La Réaction des Autorités Locales
Pourtant, l’alcalde de Comas, Ulises Villegas, a confirmé que le velatorio disposait d’une licence de fonctionnement émise par la municipalité. Cependant, cette information n’a pas rassuré les familles policières qui ont exprimé leur mécontentement face à une situation aussi absurde.
Les bénéficiaires potentiels du Fonafun voient d’un mauvais œil la gestion des ressources allouées, estimant que l’argent dépensé pour la construction d’un espace de recueillement pour les policiers est désormais inexploitable.
Entre temps, le consortium Santa Luzmila reste silencieux face à ces accusations, sans prendre la responsabilité pour l’inutilité de cette infrastructure censée honorer des héros.
Le velatorio policier de Santa Luzmila est donc devenu à la fois un symbole de la volonté de rendre hommage aux agents de police, mais également un exemple frappant de la mauvaise gestion et de l’opacité dans l’utilisation des fonds publics. Les familles policières restent dans l’attente d’une solution qui leur permettra d’accéder à des prestations funéraires dignes.

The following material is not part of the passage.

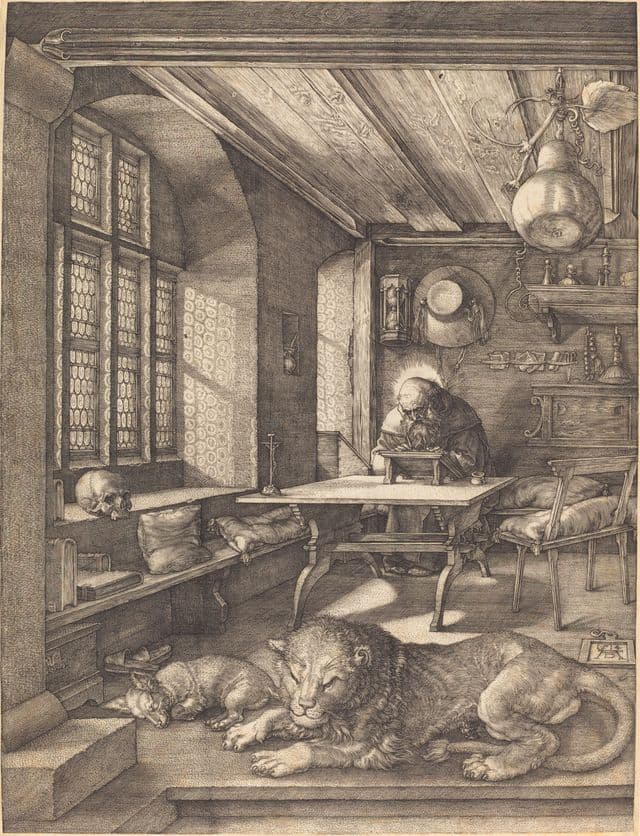 St. Jerome in His Study by Albrecht Dürer, 1514.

Au-delà de l’émoi suscité par cette situation, il est essentiel que la lumière soit faite sur ces affaires et que justice soit rendue. La confiance entre les autorités et les citoyens doit être rétablie, et chaque ombre de corruption dissipée pour redonner espoir aux familles de ceux qui ont servi avec héroïsme. L’avenir du velatorio de Santa Luzmila doit également être envisagé pour qu’il puisse remplir sa fonction initiale et honorer correctement les agents qui ont sacrifié leur vie pour la sécurité des citoyens.